Karena raja Yehuda meminta untuk menanyakan nasihat dari nabi Yahweh yang lain, Ahab terpaksa mendatangkan Mikha. Kemungkinan ia juga ingin agar raja Yehuda melihat bagaimana tidak menyenangkannya orang ini. Tetapi sebenarnya orang seperti apakah Mikha itu? Mari lanjutkan untuk membaca ayat 13-14:

1 Raja-Raja 22:13-14 Suruhan yang pergi memanggil Mikha itu, berkata kepadanya:”Ketahuilah, nabi- nabi itu sudah sepakat meramalkan yang baik bagi raja, hendaklah engkau juga berbicara seperti salah seorang dari pada mereka dan meramalkan yang baik.” Tetapi Mikha menjawab:”Demi TUHAN yang hidup, sesungguhnya, apa yang akan difirmankan TUHAN kepadaku, itulah yang akan kukatakan.”

Pembawa pesan yang dikirim untuk mendatangkan Mikha mengingatkannya untuk berhati-hati dengan ucapannnya, karena ada 400 nabi yang telah bernubuat kalau Ahab akan memenangkan pertempuran. Karena itu Mikha seharusnya jangan mengatakan hal yang tidak menyenangkan jika ia tidak ingin menyinggung raja Israel dan mencari masalah. Perkataan ini, tentunya datang dari Ahab karena ia tidak ingin Mikha membuat rencana perangnya menjadi berantakan. Jika aksi perang ini tidak mendapat dukungan dari raja Yehuda, Israel tidak dapat mendapatkan wilayah-wilayah yang hilang dari tangan bangsa Aram.
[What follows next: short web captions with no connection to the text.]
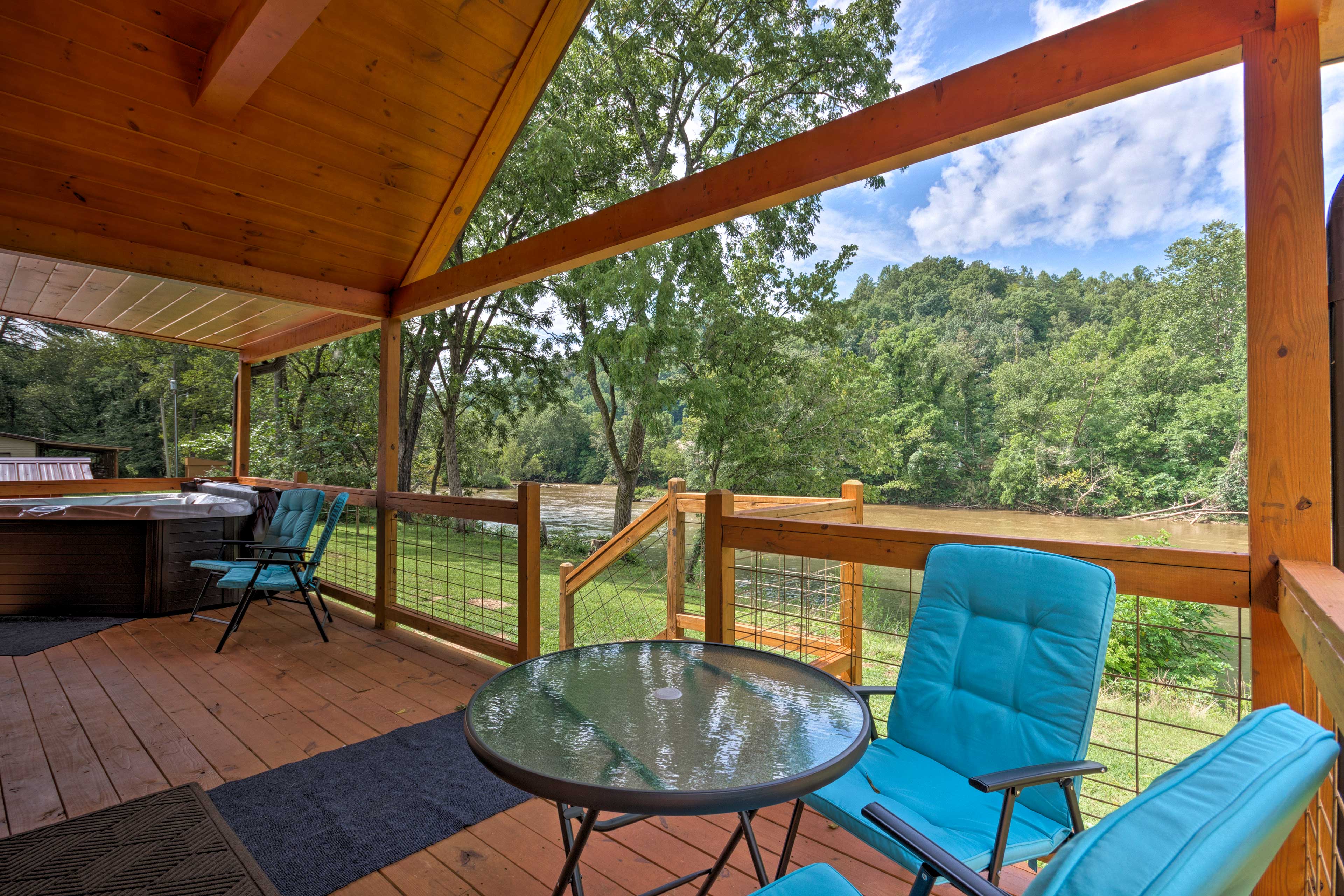 Property Image 2 - Charming Riverfront Cabin w/Private Deck & Hot Tub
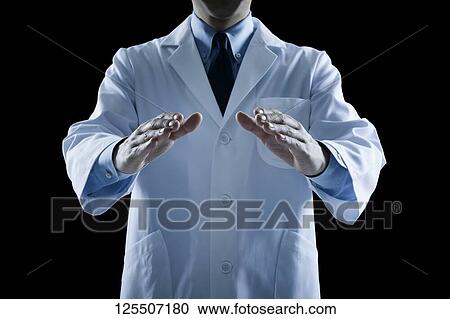 Stock Image - Doctor on black background. Fotosearch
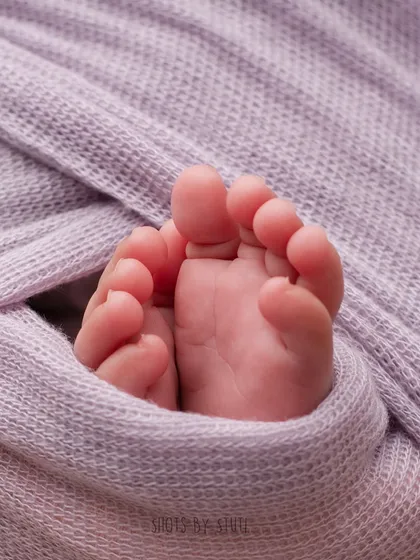 A macro shot of tiny newborn feet peeking out of the swaddle. It’s these little details that make newborn photography so special.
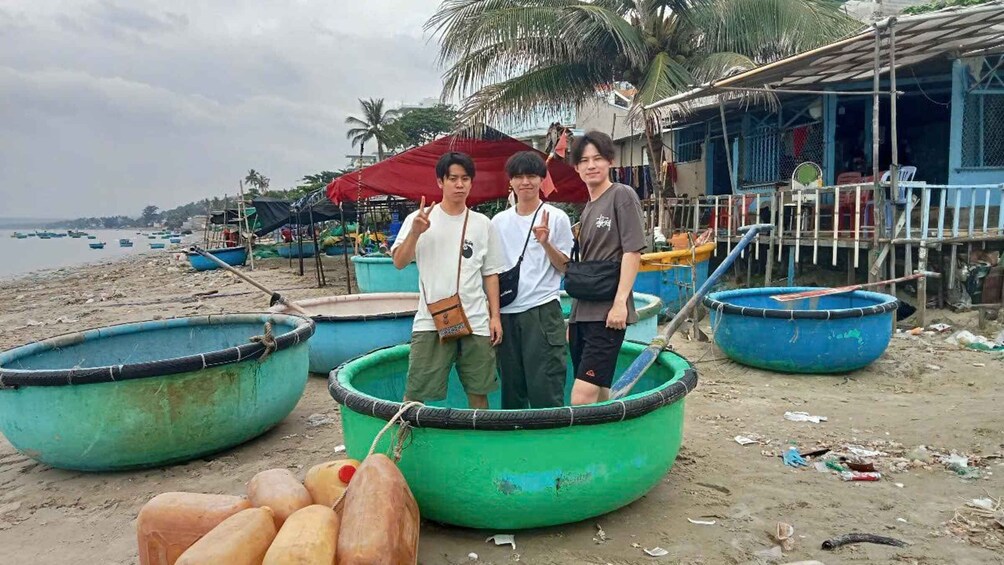 Three people standing in a green boat on a beach with several other boats and a makeshift shelter in the background. 2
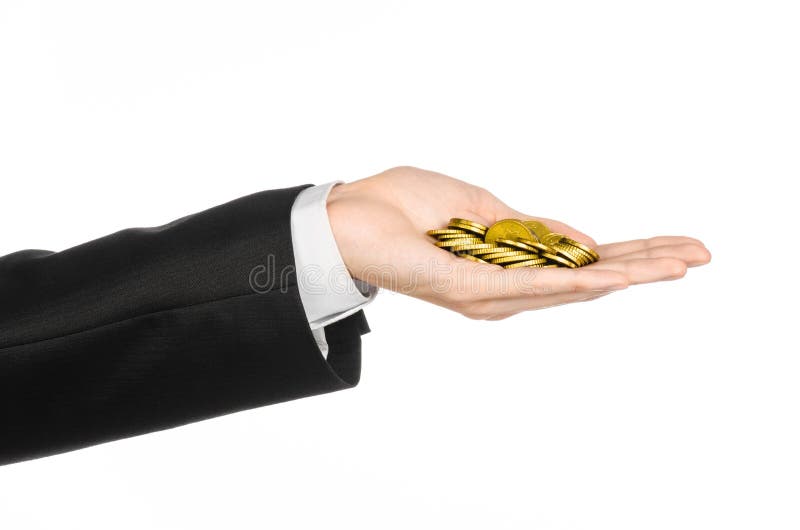 Dinheiro e assunto do negócio: mão em um terno preto que mantém uma pilha de moedas de ouro no estúdio em um fundo branco isolada fotografia de stock royalty free Dinheiro e assunto do negócio: mão em um terno preto que mantém uma pilha de moedas de ouro no estúdio em um fundo branco isolada fotografia de stock royalty free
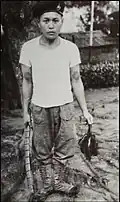 An Iban headhunter posing with a human scalp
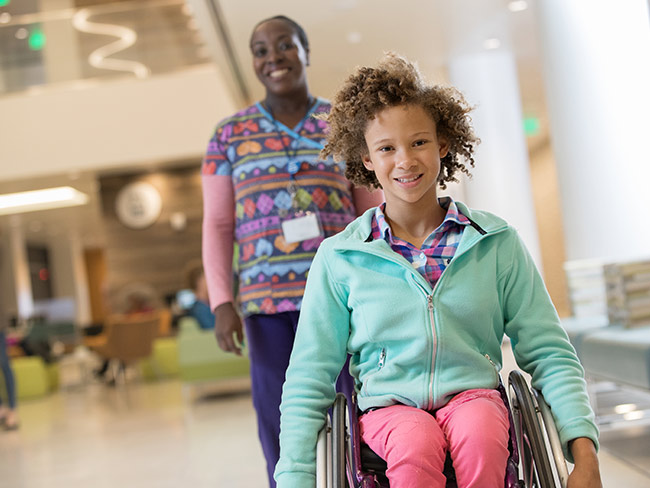 young girl in wheelchair smiling with nurse standing behind her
Mikha bersumpah dalam nama Yahweh kalau ia tidak akan mengatakan apapun yang tidak benar hanya untuk menyanjung raja Israel. Apapun yang Allah ingin ia untuk katakan, ia akan mengatakannya. Dari sini, kita dapat melihat kepribadian dari Mikha. Darinya, kita dapat melihat karakteristik-karakteristik dari seorang nabi sejati:

  1. Nabi sejati tidak takut akan kekuasaan.
  2. Nabi sejati tidak mengikuti aliran mayoritas.
  3. Nabi sejati menyampaikan firman Allah dengan setia meski nyawanya diancam, ia tidak akan mengatakan apapun untuk tujuan menyanjung orang.
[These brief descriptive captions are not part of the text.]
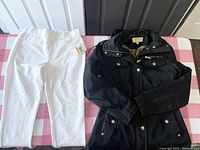 Black Michael Kors jacket with front visible alongside white jeggings on a checkered tablecloth. Jeggings show tags indicating new condition.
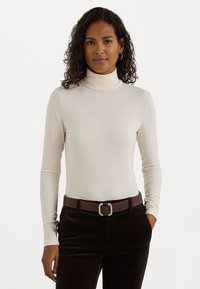 Un haut à col roulé crémeux à manches longues en tissu doux, porté avec un pantalon en velours côtelé marron foncé et une ceinture marron avec une boucle en argent.
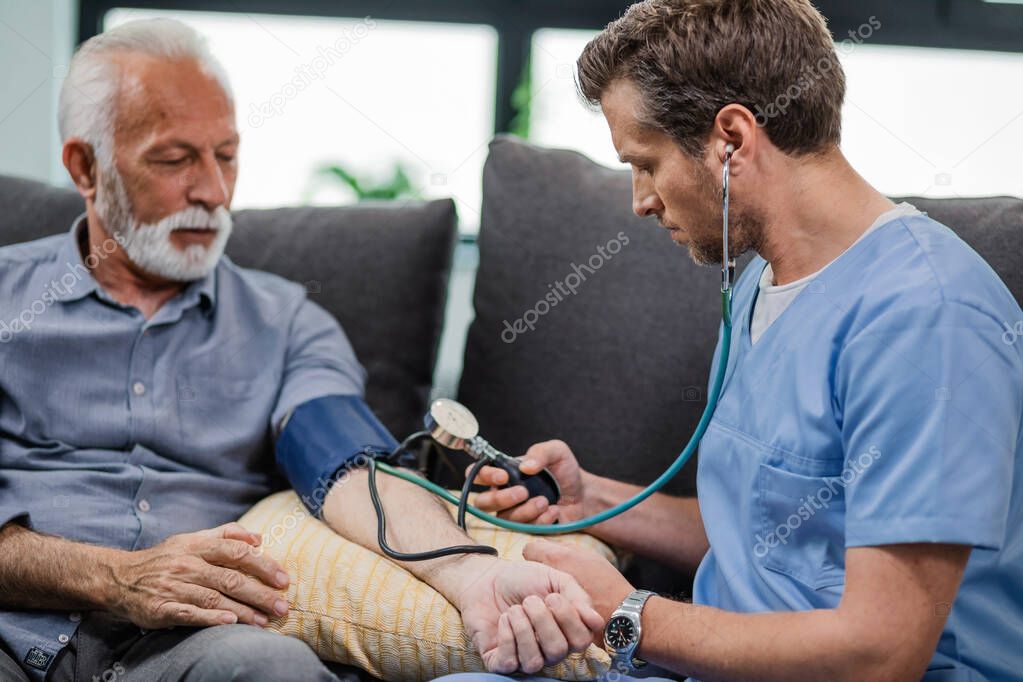 Doctor measuring blood pressure of a senior man while being in a home visit. 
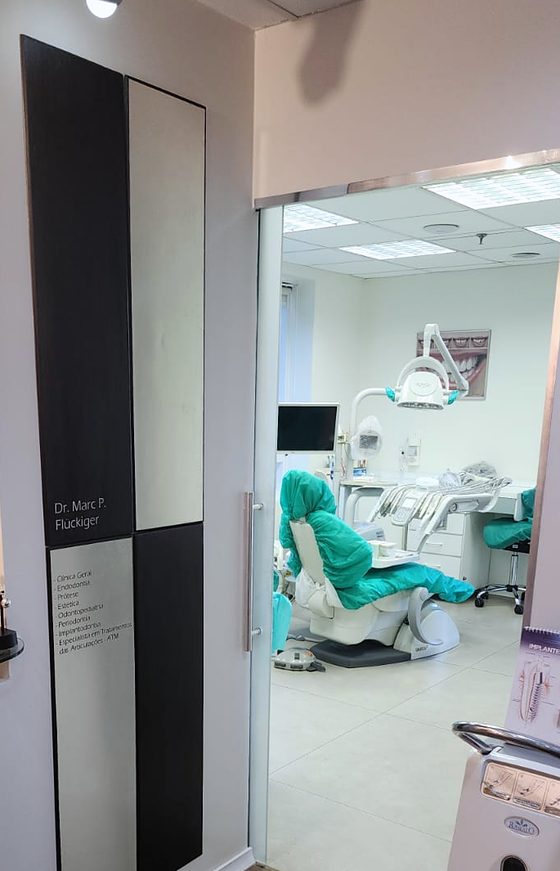 Placa com o nome do Dr. Marc e a porta de vidro abrindo para a sala de atendimento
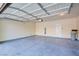 Spacious garage featuring a concrete floor and a white door at 11833 Amistoso Ln, Las Vegas, NV 89138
Allah tidak menggerakkan Mikha untuk menemui Ahab. Karena rajalah yang menyuruhnya datang, maka Mikha harus mengikuti pembawa pesan raja untuk menemui Ahab. Menghadapi 400 nabi yang hanya nabi pada nama, bagaimana Mikha menghadapinya? Kontes diantara nabi-nabi sejati dan palsu membuat kita berpikir akan insiden di Gunung Karmel. Perbedaannya adalah Elia menghadapi nabi Baal di Gunung Karmel sementara Mikha akan menghadapi sekelompok orang yang mengklaim diri mereka “nabi Yahweh”. Ini benar- benar merupakan sebuah kontes antara nabi-nabi sejati dan palsu. Apa hasilnya? Mari kita lanjutkan hal ini di lain waktu.